15 July 2010
The Droopsnoot Lightning
In 1944 the Eighth and Fifteenth Air Forces in England modified a number of P-38 Lightnings into Droopsnoots. The usual modification involved removal of the guns and the replacement of the nose cone with a Plexiglass nose piece with a flat window for aiming a Norden bombsight. Additional windows were added to the sides of the nose to provide light for the bombardier who entered via a hatch on top of the nose but also had an escape hatch on the ventral side as well. The bombardier also had panels for arming the bombs as well as flight instruments and an interphone connection to the pilot. Provisions for oxygen and heating were also installed in the Droopsnoot nose.

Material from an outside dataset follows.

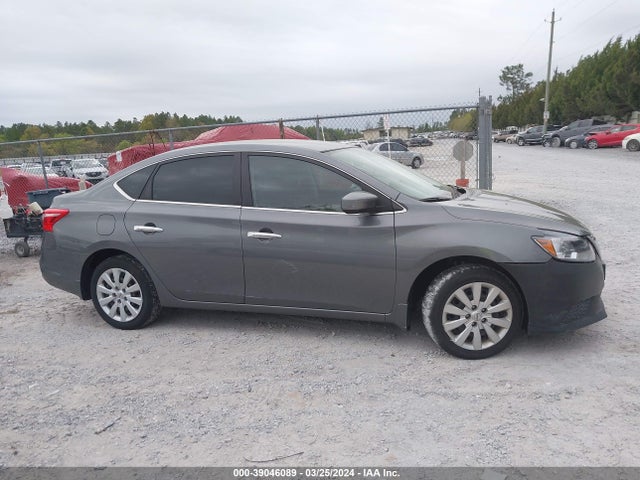 Nissan SENTRA S 2019 3N1AB7AP0KY406780 Image 13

Most Droopsnoot missions were carried out between 10,000 to 20,000 feet with a formation of standard Lightnings dropping their bombs on command by the Droopsnoot's bombardier who would call out a 10-second pre-release countdown. Some missions were even flown with the standard Lightning's bomb release switches hooked to the VHF radio equipment to allow the Droopsnoot bombardier to drop all the bombs in the formation by radio command.

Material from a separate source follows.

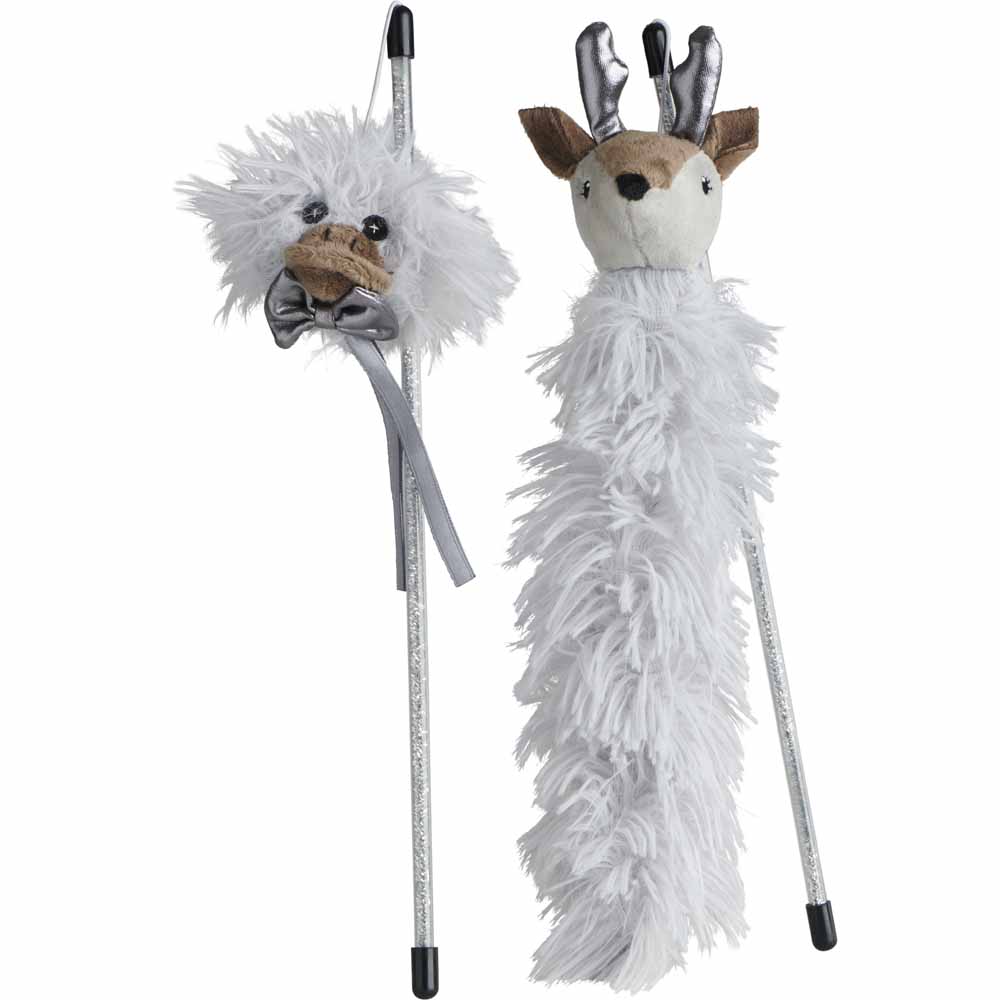 Wilko Cat Teaser Assorted Wilko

By 1945, the Eighth Air Force's initial enthusiasm for the Droopsnoot dampened following operational experience. P-38 pilots weren't trained in tight formation keeping like bomber pilots were and less-than-optimal formation flying led to dispersion of the formation's bomb load, lessening the destructiveness on small targets. It was also found that the Droopsnoot missions were no substitute for individual ground attack aircraft making shallow to medium dive angle attacks on ground targets. After the first Droopsnoot missions were flown, the German air defenses were on the lookout for large formations of P-38s which acted differently than escort fighter formations and fighter sweep formations. Given that many of the Luftwaffe's fighters had been driven away from the coastal areas of continental Europe, most Droopsnoot missions encountered little air opposition, but those that were attacked by the Luftwaffe found that the lack of rear-facing armament was a disadvantage. Escort fighters ended up having to be assigned to Droopsnoot missions, rendering the "self-defending formation" argument irrelevant.
The final nail in the coffin for the Droopsnoot with the Eighth Air Force was an analysis showing that medium bombers like the B-25 Mitchell and B-26 Marauder could carry more bombs to the target than a Droopsnoot-led formation and better defend itself with the multiple gun positions on the medium bombers.

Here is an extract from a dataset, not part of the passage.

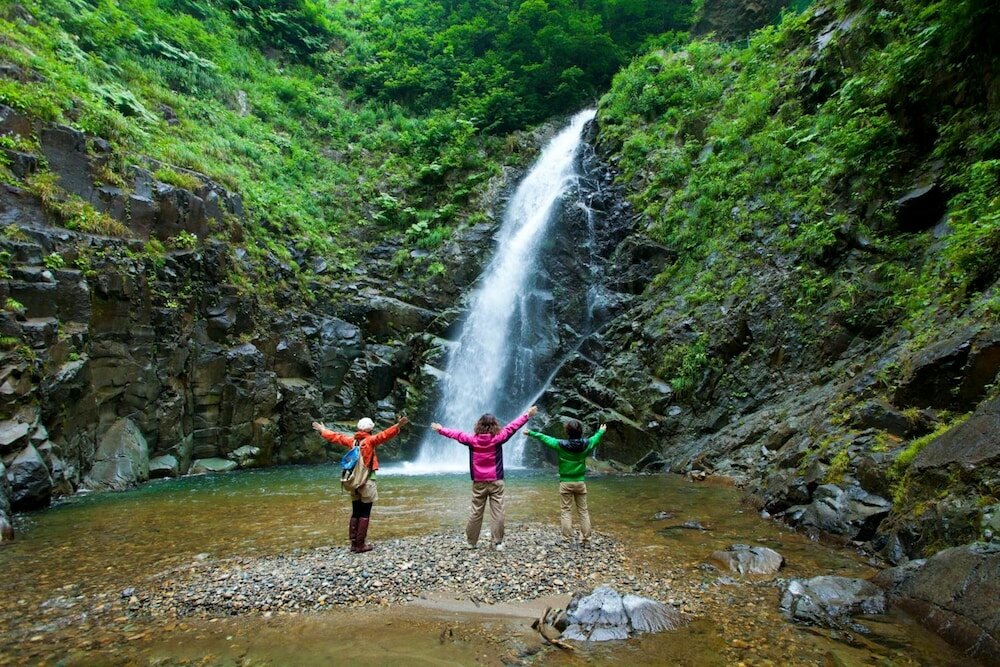 Фото Bunano Sato Shirakamikan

The Fifteenth Air Force was a bit more positive in their evaluation of the Droopsnoot missions. Targets were more closely selected for light flak and the formations were much smaller than the Eighth Air Force's formations with only 8 Lightnings being led by a Droopsnoot. Tactics were more along the lines of that used by the medium bomber force than the heavy bomber force, but that still didn't change the fact that, like the Eighth Air Force, the Droopsnoot missions still needed fighter escort and were actually less economical than a comparable mission flown with either B-25s or B-26s. The Droopsnoot Lightnings did find a niche with the Fifteenth Air Force as radar-equipped pathfinders (with a radar replacing the Norden bombsight) and weather reconnaissance aircraft dispatched ahead of heavy bomber missions to scout out the weather over the planned targets. In the summer of 1944, for instance, the Fifteenth Air Force used Droopsnoots as weather scouts over the oil refineries of Ploesti, Romania, before their attack by B-24 Liberators. The orbiting Droopsnoots relayed the positioning of German smokescreens so the attacking heavy bombers could adjust their inbound routes for maximum visibility of the targets.